> [TASK DETAILS] Each line of the data must be written out again verbatim; no image belongs in the copy.
★ ★ ★ ★
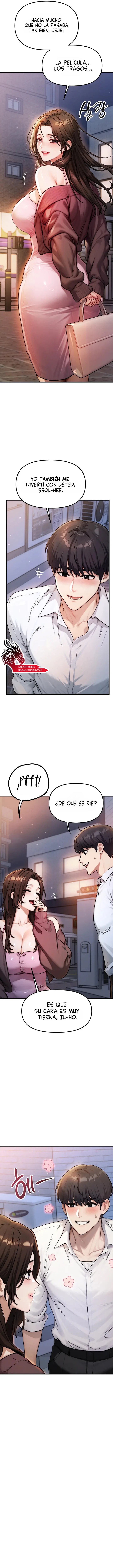 Mi tipo ideal es la Madre de mi Amiga Capítulo 2 - Página 24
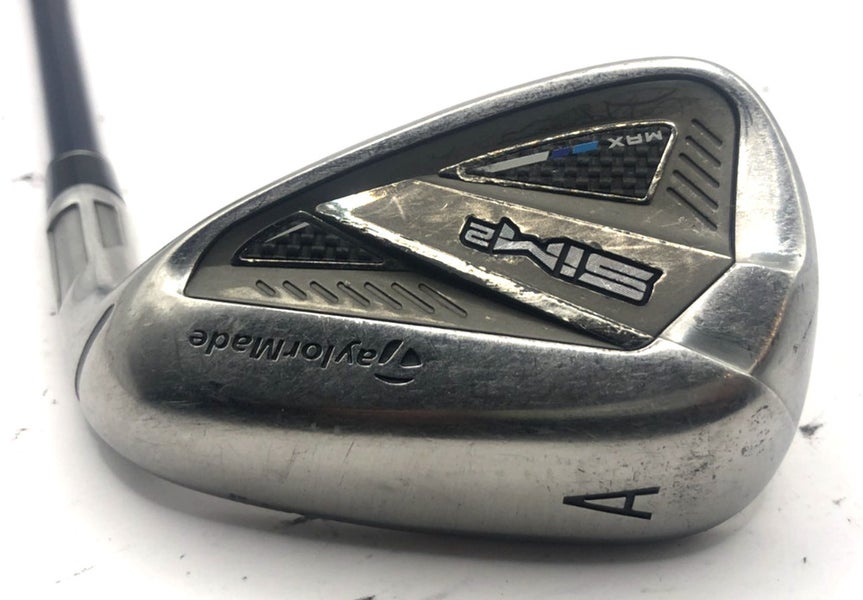 Taylormade SIM 2 Max A Gap Wedge Fujikura Ventus 7-S Stiff Graphite Shaft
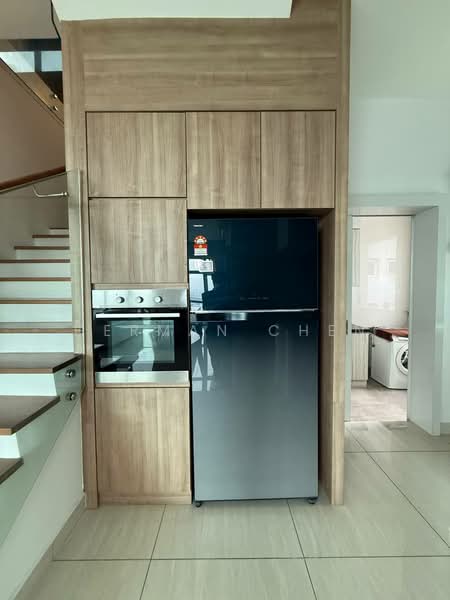 Service Residence for Sale at Twin Galaxy (Dwi Galaksi) - Herman Chen - Interior - PropertyGuru.com.my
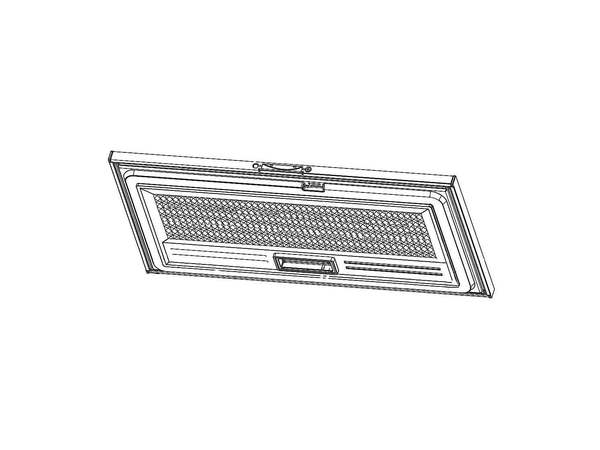 12365232-1-M-Frigidaire-5304512841-DOOR ASSEMBLY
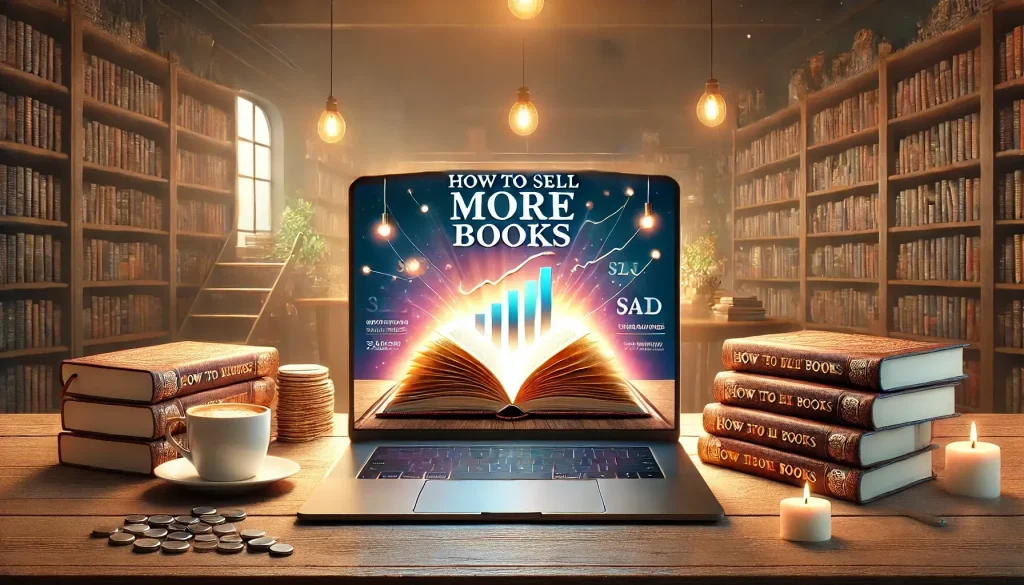 The Complete Guide To Book Marketing & How To Sell More Books How To Sell More Books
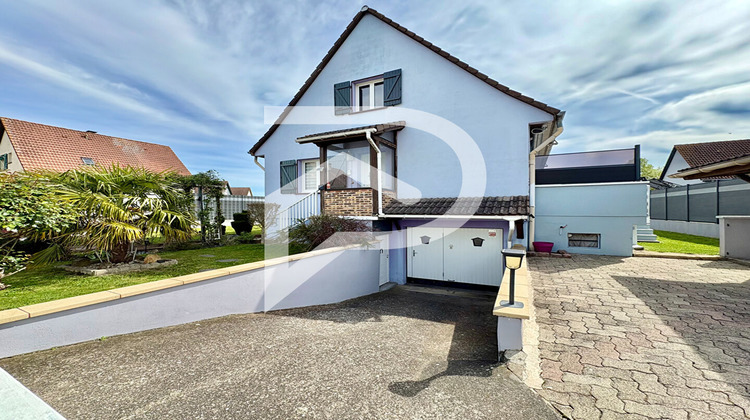 Ma-Cabane - Vente Maison BILTZHEIM, 112 m²
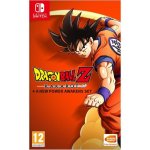 Dragon ball z : kakarot jeu switch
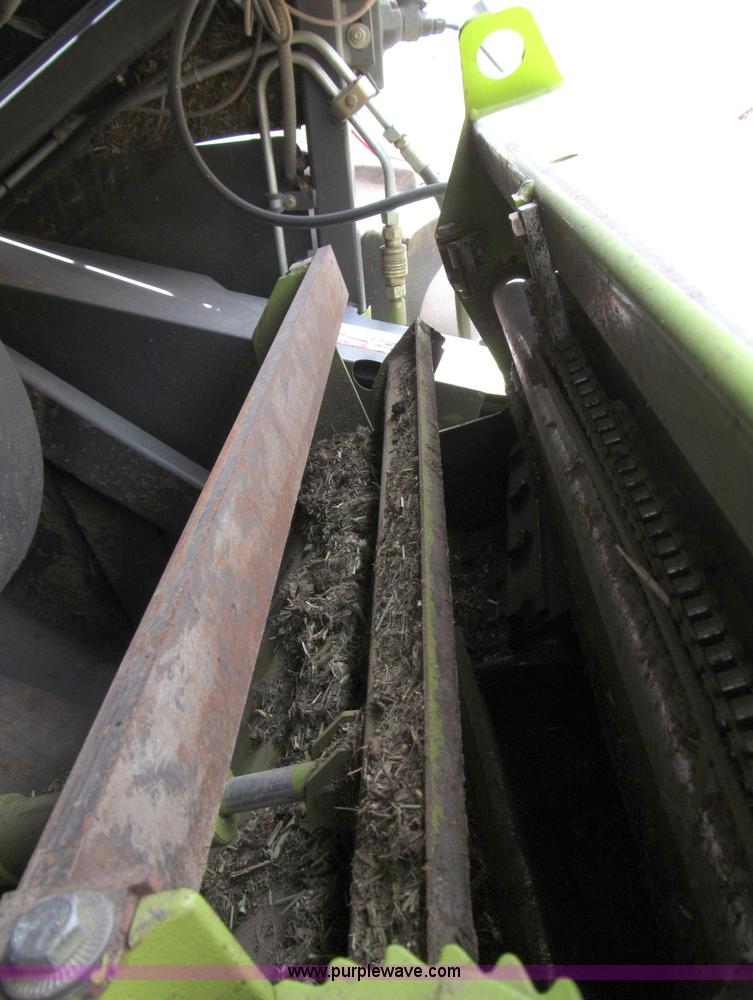 image for item C3522 2008 Claas 900 Jaguar Green Eye forage harvester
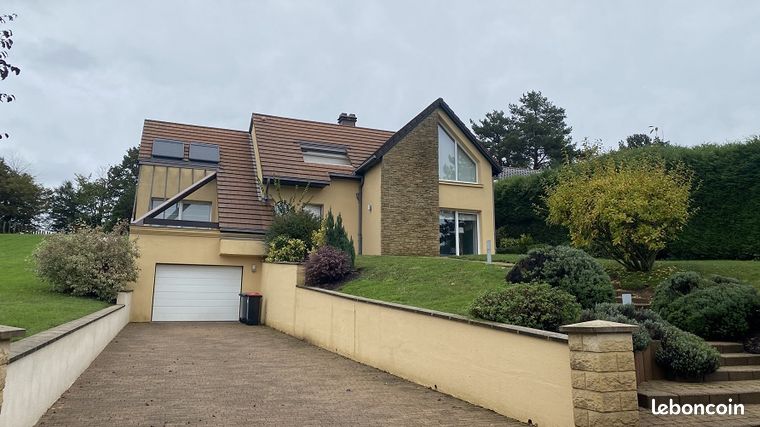 Maison 6 pièces 178 m²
★ ★ ★ ★
> [SOLVED PROBLEM]
 Mi tipo ideal es la Madre de mi Amiga Capítulo 2 - Página 24
 Taylormade SIM 2 Max A Gap Wedge Fujikura Ventus 7-S Stiff Graphite Shaft
 Service Residence for Sale at Twin Galaxy (Dwi Galaksi) - Herman Chen - Interior - PropertyGuru.com.my
 12365232-1-M-Frigidaire-5304512841-DOOR ASSEMBLY
 The Complete Guide To Book Marketing & How To Sell More Books How To Sell More Books
 Ma-Cabane - Vente Maison BILTZHEIM, 112 m²
 Dragon ball z : kakarot jeu switch
 image for item C3522 2008 Claas 900 Jaguar Green Eye forage harvester
 Maison 6 pièces 178 m²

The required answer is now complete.